Just got my renewal for Northwood in Santry €325 for the year. Brilliant gym, huge, pool, saunas, jacuzzi's....brilliant value!


----------



## gar123 (9 Jan 2008)

its got to be local and easy for you to get to when you are feeling lazy good luck with it, or you could got the local dog pound and volunteer to walk the dogs, its free and you could be having more fun!`


----------



## ci1 (9 Jan 2008)

I'm living in Stamullen in Meath so Northwood is a bit of a stretch for me.  Am originally from Santry and would have joined there had I not moved.

I believe its a nice gym and the one in the hotel is nice too but not any nicer yet its 300 euro dearer.

I would do the dog thing but not really into dogs or the cold  

There are no gyms in balbriggan strangely enough.

does anyone know if any good ones in drogheda or even skerries?


----------



## gipimann (9 Jan 2008)

There are a few gyms in Drogheda - Jackie Skelly's at the M1 Retail Park (do a search here for comments and observations on JS gyms), Westgate gym in Greenhills (you'd have to drive through Drogheda town centre to get to it from Stamullen) and Aura Leisure on Marley's Lane not too far from Homebase. I was a member of Westgate and wasn't overly impressed (lack of aircon in the gym for a start), membership was €550 or thereabouts. 

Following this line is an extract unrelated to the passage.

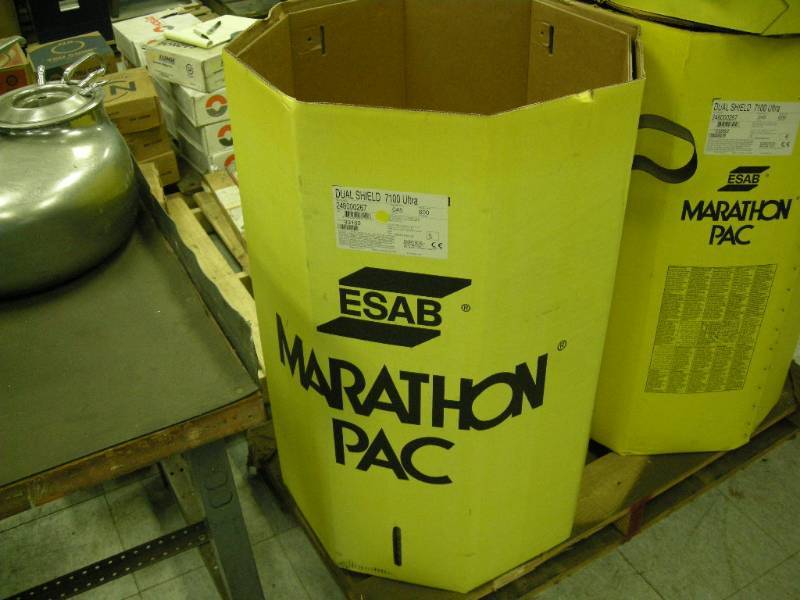 lot 158 image: ESAB Dual Shield 7100 Ultra Welding Wire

The Aura Leisure website is [broken link removed]


----------



## moondance (9 Jan 2008)

Maybe consider joining a sports club instead. I joined a rowing club before Christmas and it's 120euro a year, they have a full gym, you can train as much or as little as you like but you have a trainer who gives you a programme. And the rowing itself is great fun! Most clubs (like football, rugby, tennis, etc) have their own gyms so it might be a cheaper alternative!


----------



## teddyk (9 Jan 2008)

Boyne Valley Hotel on Dublin Road in Drogheda has a decent gym.  My wife is a member.  See www.bvcc.ie for more details.

teddyk.


----------



## ci1 (9 Jan 2008)

Great thanks everyone.

I've made enquiries with Boyne Valley and Aura.


----------